======== Data section

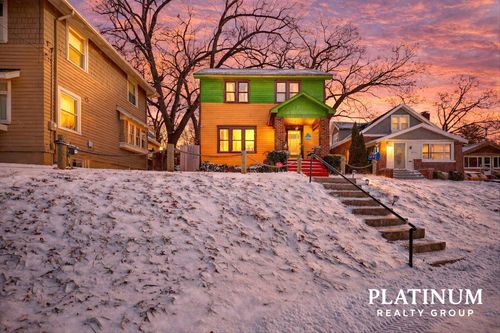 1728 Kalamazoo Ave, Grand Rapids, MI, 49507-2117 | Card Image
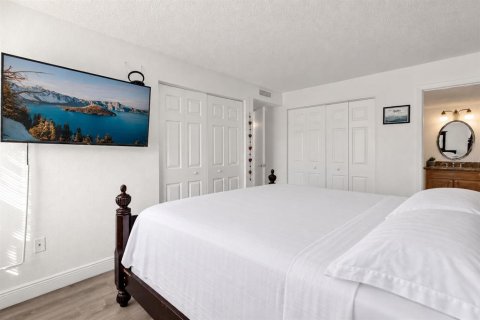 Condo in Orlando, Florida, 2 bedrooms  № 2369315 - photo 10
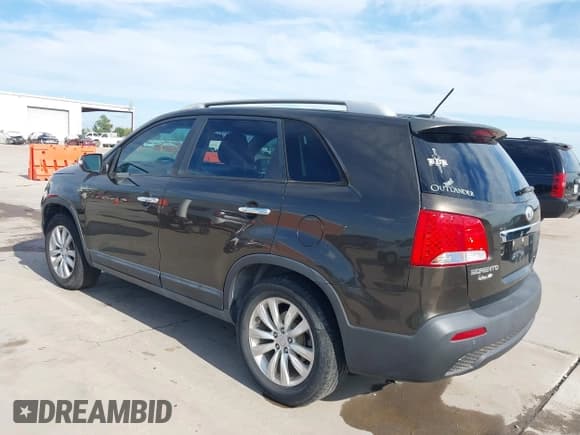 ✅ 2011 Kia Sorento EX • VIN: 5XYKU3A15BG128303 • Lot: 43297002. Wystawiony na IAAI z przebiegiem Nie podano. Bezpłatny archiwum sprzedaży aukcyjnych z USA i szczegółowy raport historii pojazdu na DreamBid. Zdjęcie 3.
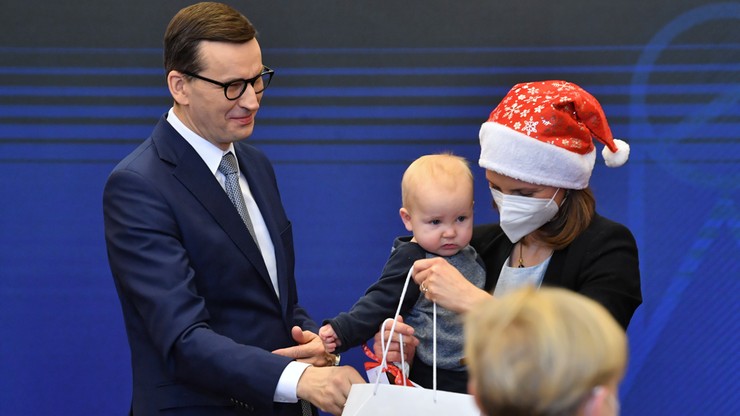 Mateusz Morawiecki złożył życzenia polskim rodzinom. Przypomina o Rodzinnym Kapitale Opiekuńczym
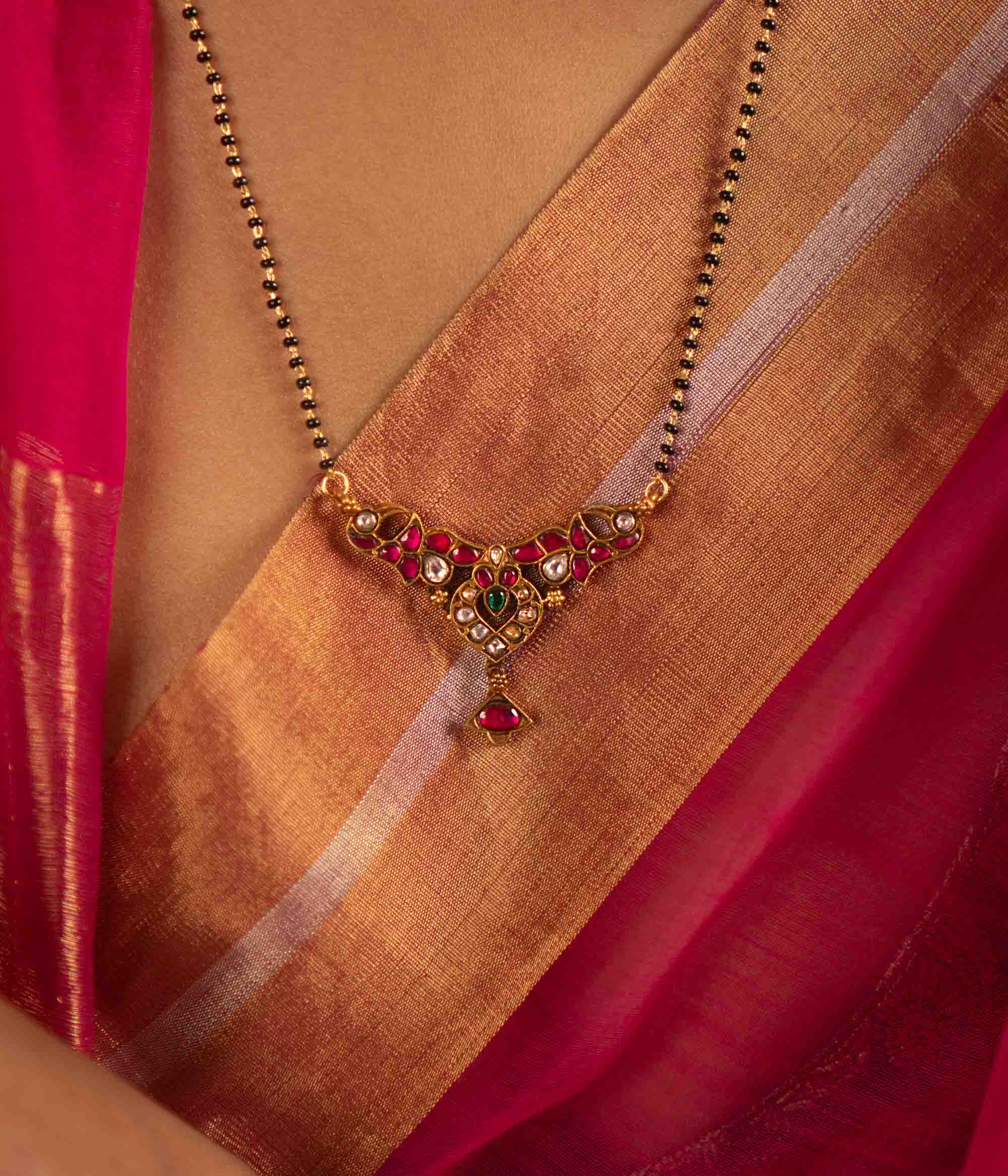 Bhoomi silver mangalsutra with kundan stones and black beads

================

Exercise brief:
All that is wanted is the run of lines from the start of the material through the line that holds "Mateusz Morawiecki złożył", retyped exactly, with no pictures.

Answer to the exercise:
 1728 Kalamazoo Ave, Grand Rapids, MI, 49507-2117 | Card Image
 Condo in Orlando, Florida, 2 bedrooms  № 2369315 - photo 10
 ✅ 2011 Kia Sorento EX • VIN: 5XYKU3A15BG128303 • Lot: 43297002. Wystawiony na IAAI z przebiegiem Nie podano. Bezpłatny archiwum sprzedaży aukcyjnych z USA i szczegółowy raport historii pojazdu na DreamBid. Zdjęcie 3.
 Mateusz Morawiecki złożył życzenia polskim rodzinom. Przypomina o Rodzinnym Kapitale Opiekuńczym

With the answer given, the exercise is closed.